Exercise material:

· · · · ·

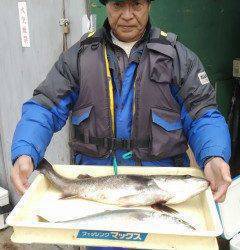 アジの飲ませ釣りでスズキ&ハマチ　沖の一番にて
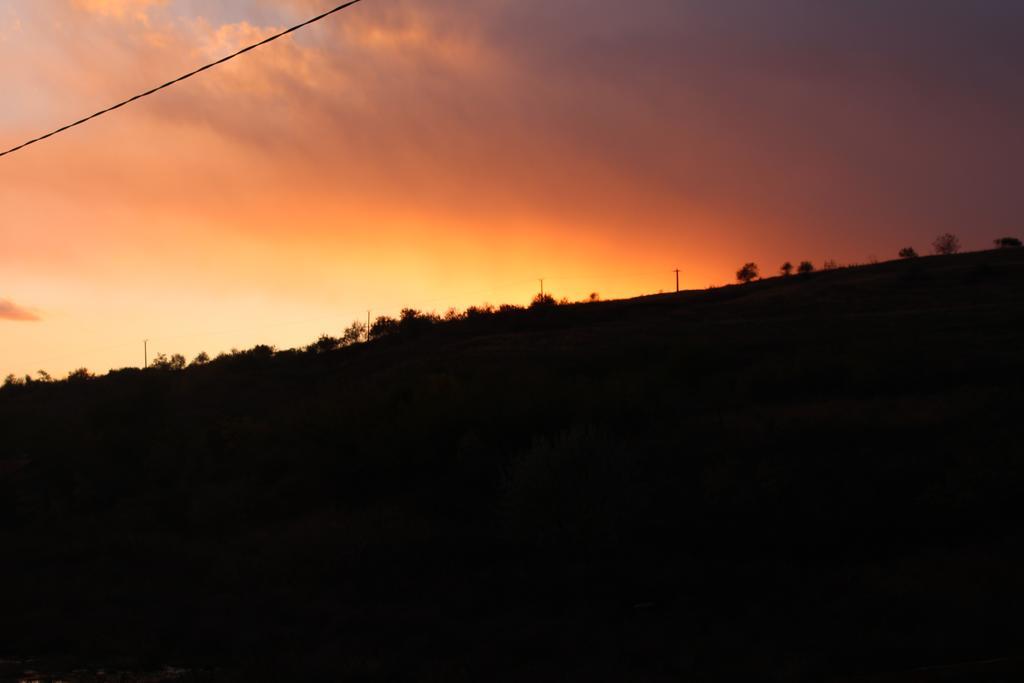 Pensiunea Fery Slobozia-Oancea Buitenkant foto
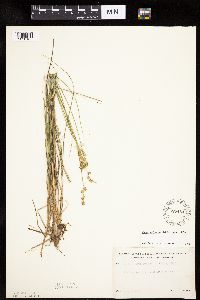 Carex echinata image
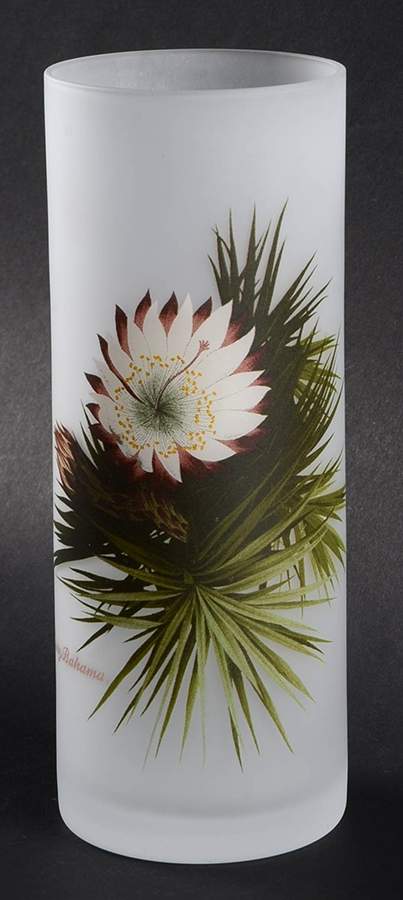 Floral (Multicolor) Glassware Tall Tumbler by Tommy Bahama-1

· · · · ·

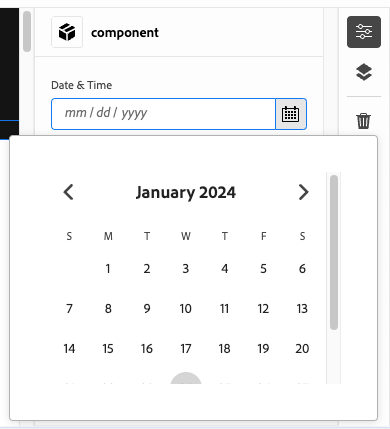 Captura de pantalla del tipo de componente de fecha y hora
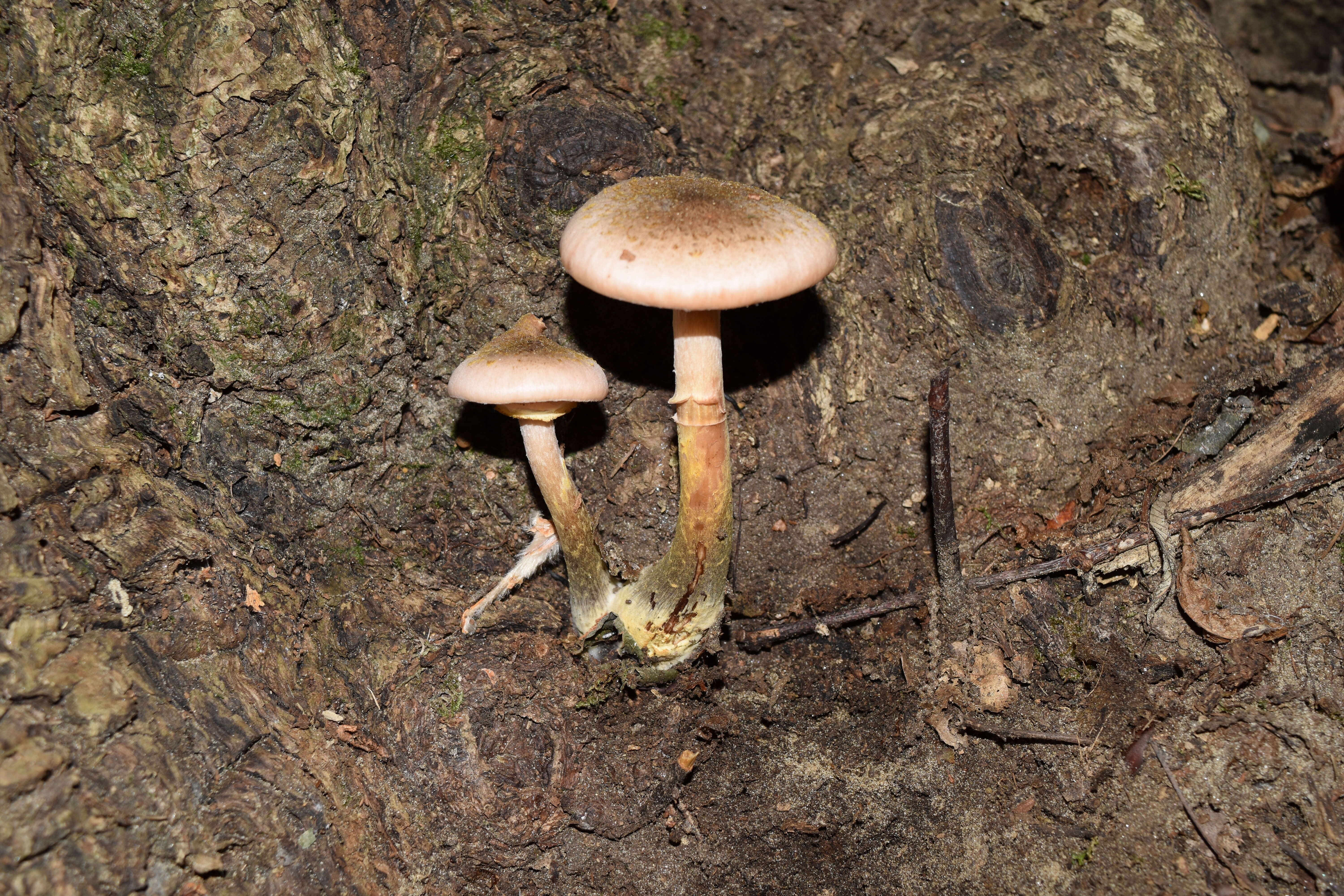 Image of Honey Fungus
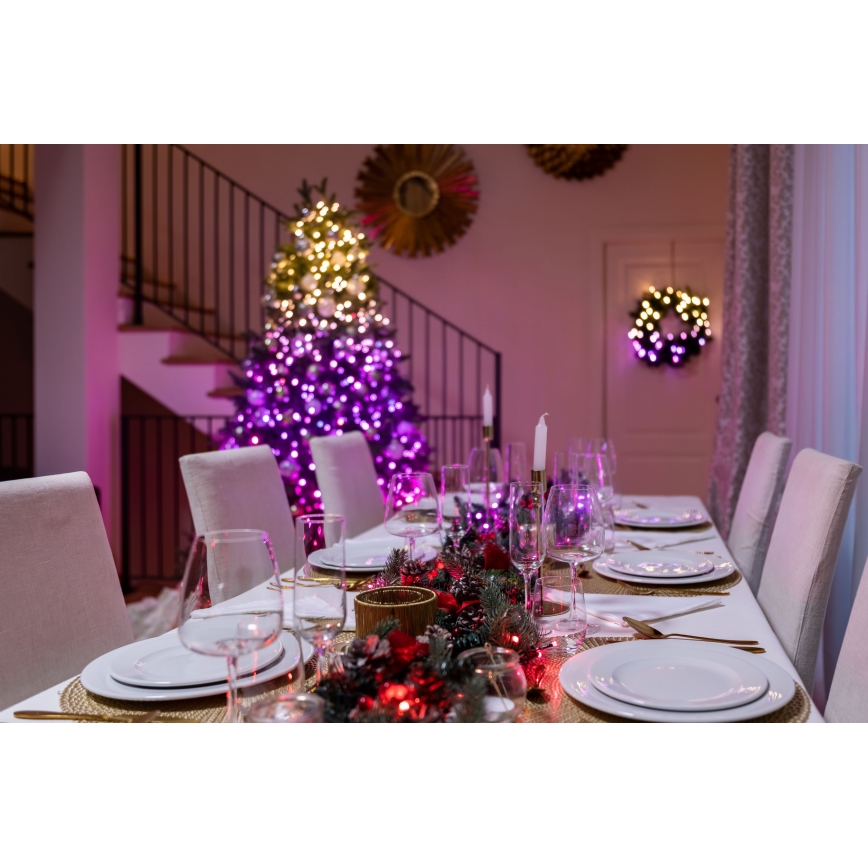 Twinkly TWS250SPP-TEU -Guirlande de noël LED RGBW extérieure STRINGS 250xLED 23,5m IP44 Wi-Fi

· · · · ·

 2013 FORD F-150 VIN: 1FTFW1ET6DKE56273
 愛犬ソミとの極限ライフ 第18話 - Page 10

· · · · ·

Assignment: Using the records above, return verbatim only the part that opens with the line containing "Pensiunea Fery Slobozia-Oancea" and closes with the line containing "Floral (Multicolor) Glassware"; pictures stay out.

Output of the task:
 Pensiunea Fery Slobozia-Oancea Buitenkant foto
 Carex echinata image
 Floral (Multicolor) Glassware Tall Tumbler by Tommy Bahama-1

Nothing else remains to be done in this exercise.